We might consider that NEST is the only fruit and all of us peddling choice to SMEs and micros should pack up our e-trestles and go home.
We might point out that without a competitive market, the stress on NEST could be so great that NEST breaks under the strain, the £650m loan drawdown rate is busted and auto-enrolment (for smaller employers) falls apart.
A third way would be for Government to sit down and think through its current strategy towards choice in the workplace, confirm whether it is encouraging choice and then treat commercial providers fairly.
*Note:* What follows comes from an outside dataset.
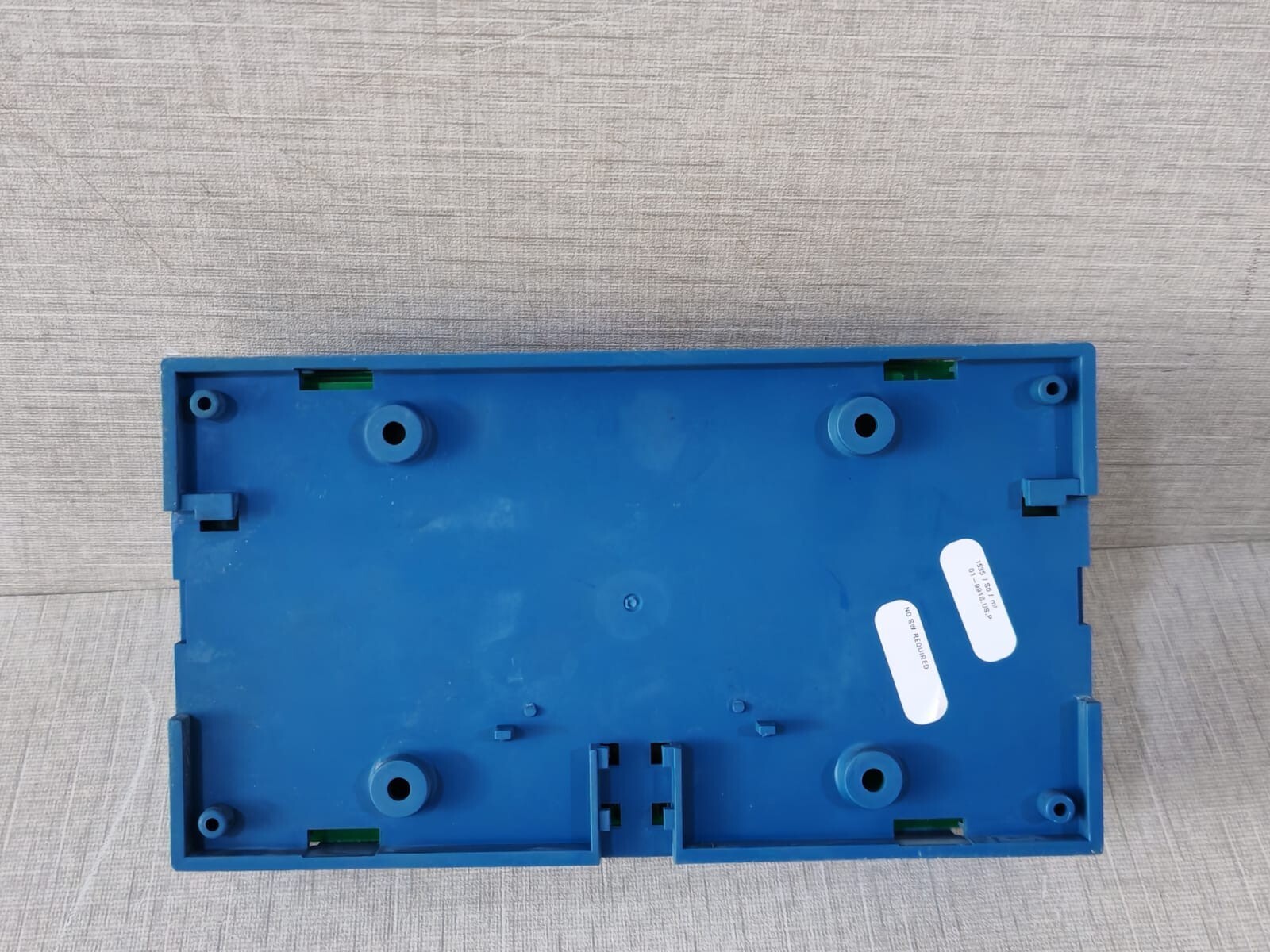Honeywell 01-9928.US WITH 02-9922 HONEYWELL D254.FET RAIL LAMP DIMMER 01-9928.US WITH 02-9922 REV C BOARD 10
That means making sure that NEST’s subsidy is not used to give them preferential status on directories and that NEST is forced to offer its services at the commercial rate.
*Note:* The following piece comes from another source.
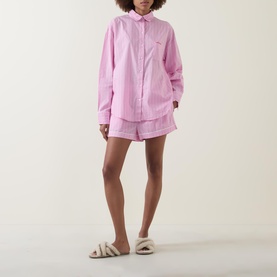 Stripe Short Pyjama Set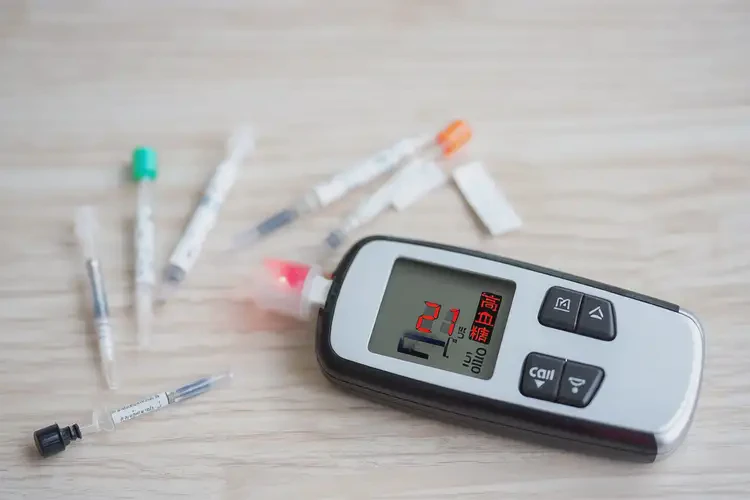 女人睡前血糖21(圖1)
If I were offering Gregg McClymont advice, I would suggest that he and Ed Balls sit down prior to the issuing of Labour’s pension manifesto and work out what its position is. I would suggest that George Osborne and whoever the conservatives have in mind to take over from Webb do the same.
Finally I would like to see Steve Webb, prior to April 2015 make a clear statement of what the DWP’s own debt recovery plan is for the taxpayer, so those of us involved in advising on workplace pensions, know what is in store both for NEST users and those who have chosen to stay with commercial providers.
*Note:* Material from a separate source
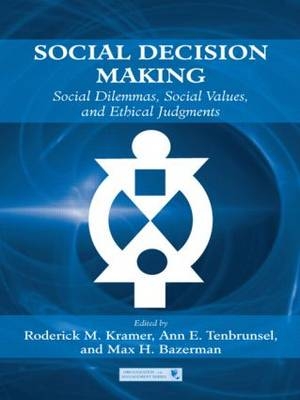 Social Decision Making -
Henry – being with a large employer I haven’t paid much attention to NEST so your article was enlightening. Taking all the ‘P’ out of pensions – and tPR – (I mean politics but insert your own preference…) was never going to happen but it is so frustrating. I guess all we can do is continue to lobby but perhaps in a more cohesive way – what’s NAPF and CBI doing?
I was with the CBI this morning, they are a real force for good. The NAPF were also supposed to be at the meeting- they weren’t – so I don’t know what they are doing!